Oh, and I should add: The primary advantage with DPhyp as I see it (over DPsize) is that you get very cheap and natural handling of outer joins; you spend very little time enumerating subplans that you eventually have to throw away because they a
re illegal join reorderings, which can be a real issue for plain DPsize AIUI. (There is a fairly straightforward paper that shows how to construct hypergraphs for a pretty wide variety of different join types.) I'm honestly not sure if current Postgres can get all of these reorderings right; I know that since 8.x, it has some home-grown outer join reordering machinery but not really how it works or how efficient it is. But in any case, if you're only using DPhyp for the clusters of inner joins in a plan, you're really missing out on most of the advantage. :-)

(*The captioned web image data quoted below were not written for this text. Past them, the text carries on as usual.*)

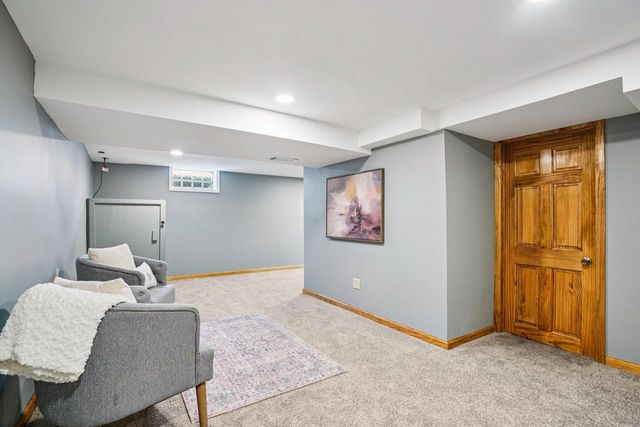 6540 N Bourbon STREET, Milwaukee, WI 53224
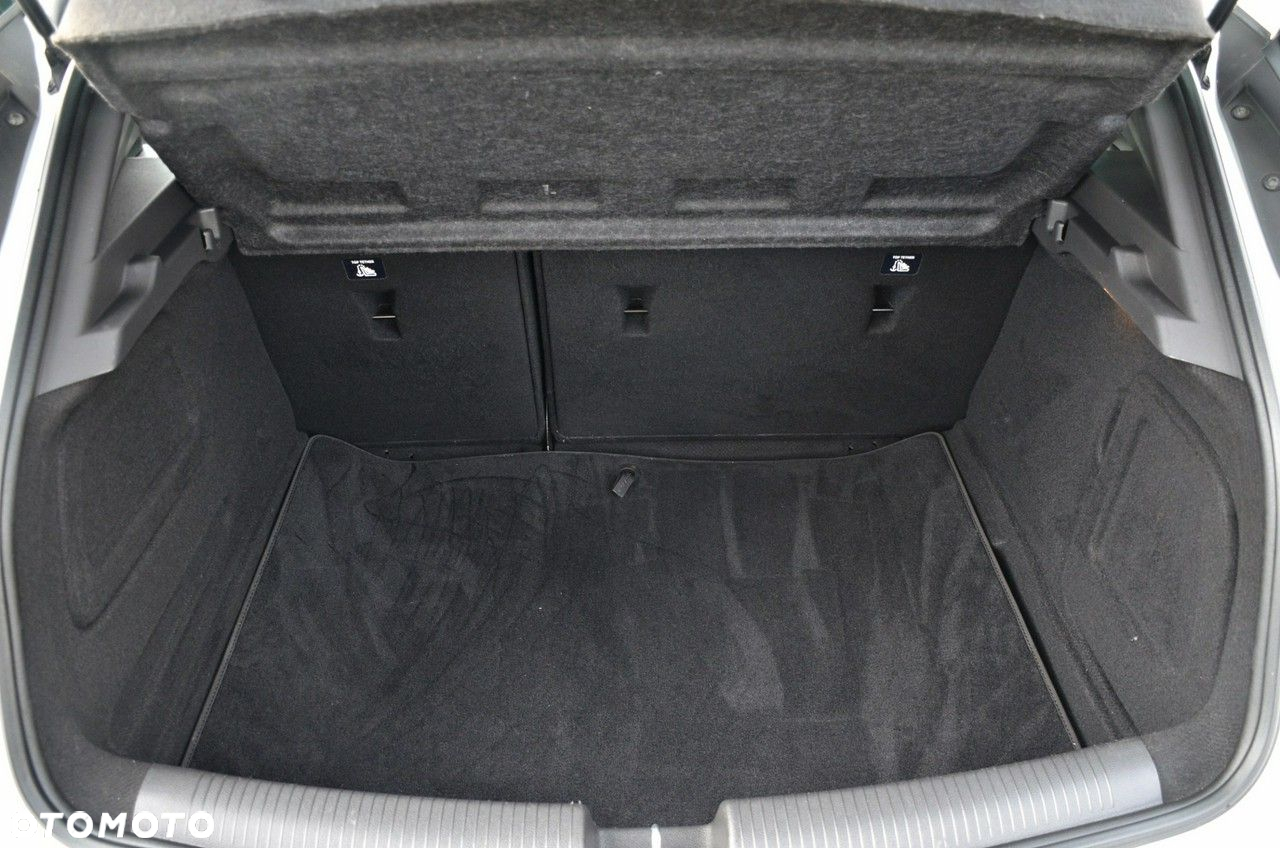 Opel Astra - 29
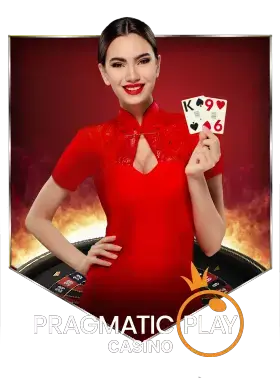 casino-01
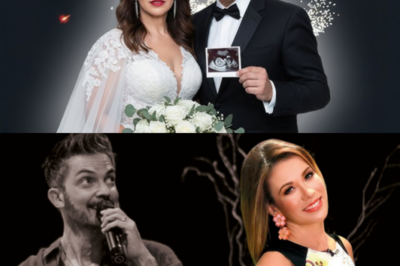 Después de dos años de noviazgo, Ingrid Coronado reveló el amor de su vida y una nueva etapa familiar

FWIW, I don't think we would have gone all the way to implement DPhyp if we already had a working and good DPsize implementation, but we didn't (the old optimizer works only by prefix search, which cannot create bushy joins and thus not plan full outer joins at all), so it made sense for us. Of course, you also need all the other parts Postgres already has, like a cost model, handling of interesting orders/groupings (Postgres' is a bit primitive, though, in that it only handles equivalences, not functional dependencies), subquery rewrites etc. etc.. People walk around thinking that using one good algorithm will automatically give you a good optimizer, and life isn't that simple. :-)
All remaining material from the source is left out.